He has to try. There must be some atonement, some transmutation of his guilt into salvation, into some way to return more than just a voice to Gus. Jack pictures him solid and alive and warm to the touch, and it makes it all the more unbearable to see Gus as an incorporeal spirit, dripping and cold.

***

And Gus lets him try, night after night, touching his forehead with chilly fingers, and each night, Jack returns in his dreams-that-are-not-dreams to Gruhuken, and says whatever he may. There’s a tremendous litany of phrases, and each night, Jack adds to his arsenal: _There’s a ghost here. Escape. Don’t come back with the rest when Algie comes back for me. Please, please, save yourself, for the trapper of Gruhuken wants nothing more and nothing less than revenge._ But Jack cannot bring himself to tell the truth, and cannot say the three words that he most needs to speak.

Gus is a little stronger each night. His touch becomes less cold, and his hair drips less. He sits next to Jack during the evenings, and no longer radiates blue light so distinctly. There are times when Jack is even able to forget that he is talking calmly with the ghost of a dead man. But even as Gus grows more real and more warm, Jack weakens.

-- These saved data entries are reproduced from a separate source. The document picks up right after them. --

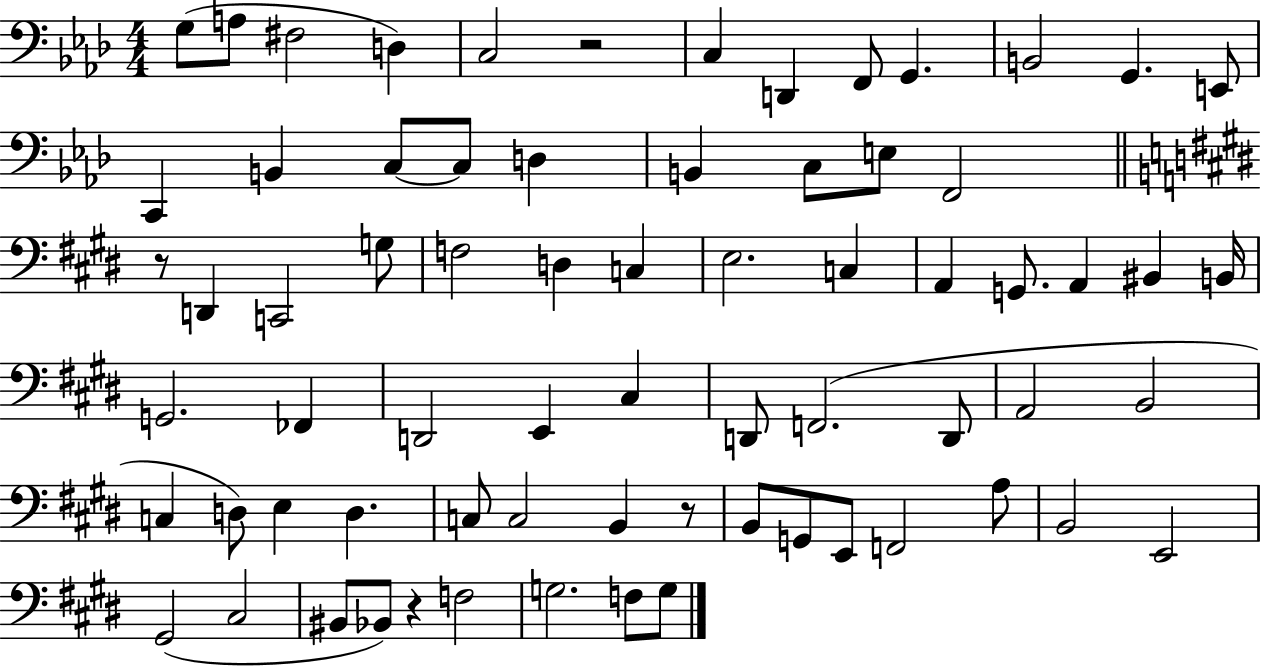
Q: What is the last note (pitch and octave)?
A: G3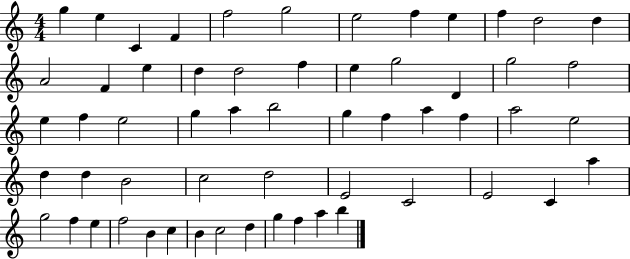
{
  \clef treble
  \numericTimeSignature
  \time 4/4
  \key c \major
  g''4 e''4 c'4 f'4 | f''2 g''2 | e''2 f''4 e''4 | f''4 d''2 d''4 | \break a'2 f'4 e''4 | d''4 d''2 f''4 | e''4 g''2 d'4 | g''2 f''2 | \break e''4 f''4 e''2 | g''4 a''4 b''2 | g''4 f''4 a''4 f''4 | a''2 e''2 | \break d''4 d''4 b'2 | c''2 d''2 | e'2 c'2 | e'2 c'4 a''4 | \break g''2 f''4 e''4 | f''2 b'4 c''4 | b'4 c''2 d''4 | g''4 f''4 a''4 b''4 | \break \bar "|."
}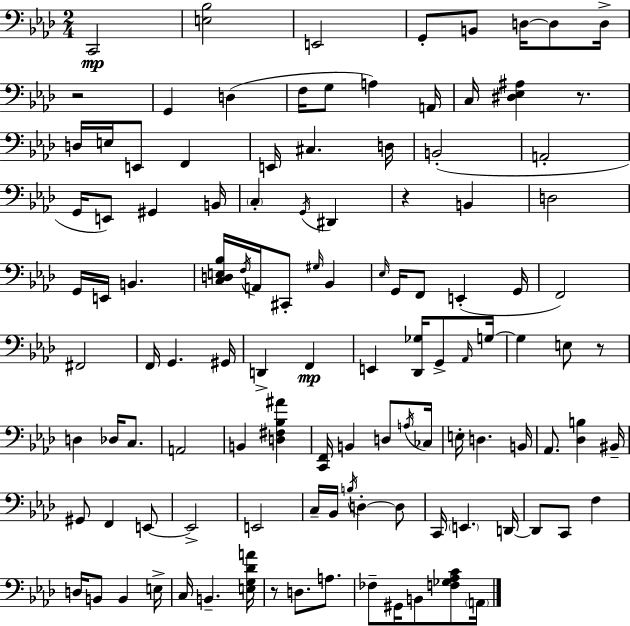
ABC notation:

X:1
T:Untitled
M:2/4
L:1/4
K:Ab
C,,2 [E,_B,]2 E,,2 G,,/2 B,,/2 D,/4 D,/2 D,/4 z2 G,, D, F,/4 G,/2 A, A,,/4 C,/4 [^D,_E,^A,] z/2 D,/4 E,/4 E,,/2 F,, E,,/4 ^C, D,/4 B,,2 A,,2 G,,/4 E,,/2 ^G,, B,,/4 C, G,,/4 ^D,, z B,, D,2 G,,/4 E,,/4 B,, [C,D,E,_B,]/4 F,/4 A,,/4 ^C,,/2 ^G,/4 _B,, _E,/4 G,,/4 F,,/2 E,, G,,/4 F,,2 ^F,,2 F,,/4 G,, ^G,,/4 D,, F,, E,, [_D,,_G,]/4 G,,/2 _A,,/4 G,/4 G, E,/2 z/2 D, _D,/4 C,/2 A,,2 B,, [D,^F,_B,^A] [C,,F,,]/4 B,, D,/2 A,/4 _C,/4 E,/4 D, B,,/4 _A,,/2 [_D,B,] ^B,,/4 ^G,,/2 F,, E,,/2 E,,2 E,,2 C,/4 _B,,/4 B,/4 D, D,/2 C,,/4 E,, D,,/4 D,,/2 C,,/2 F, D,/4 B,,/2 B,, E,/4 C,/4 B,, [E,G,_DA]/4 z/2 D,/2 A,/2 _F,/2 ^G,,/4 B,,/2 [F,_G,_A,C]/2 A,,/4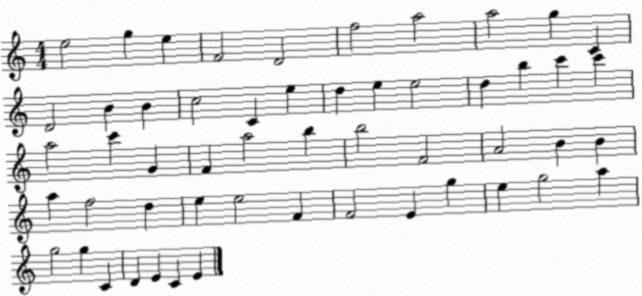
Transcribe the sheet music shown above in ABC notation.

X:1
T:Untitled
M:4/4
L:1/4
K:C
e2 g e F2 D2 f2 a2 a2 g C D2 B B c2 C e d e e2 d b c' c' a2 c' G F a2 b b2 F2 A2 B B a f2 d e e2 F F2 E g e g2 a g2 g C D E C E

In his mind, it’s the aftermath of Gruhuken all over again, and he wakes with tears streaming down his face. He loses weight, and he is listless in his daytime work. When Jack returns home in the evenings, he says hello to Gus, attends to Isak, and immediately sinks into a troubled sleep. Given the chance, he would do nothing but dream and dream again, throwing himself back into the terror all over again for the chance to see Gus as a human and not as a ghost. He would neglect waking to bring another back to life.

And then, one night, as Jack dreams himself into the boat, rowing away from Gruhuken, he turns to Gus.

“I love you,” he says quietly, his breath pluming out into the cold air. “I didn’t want to tell you, but I do. Not as a brother, not as a friend. As, oh hell, you know!”

And then they are in the water, and it’s ripping Jack’s lungs open all over again, but he holds onto Gus’s hands, clawing himself to the surface, and praying that they will both survive until morning, though there’s something behind him pulling him down. The pressure becomes intense, and he flails out wildly against the dark water.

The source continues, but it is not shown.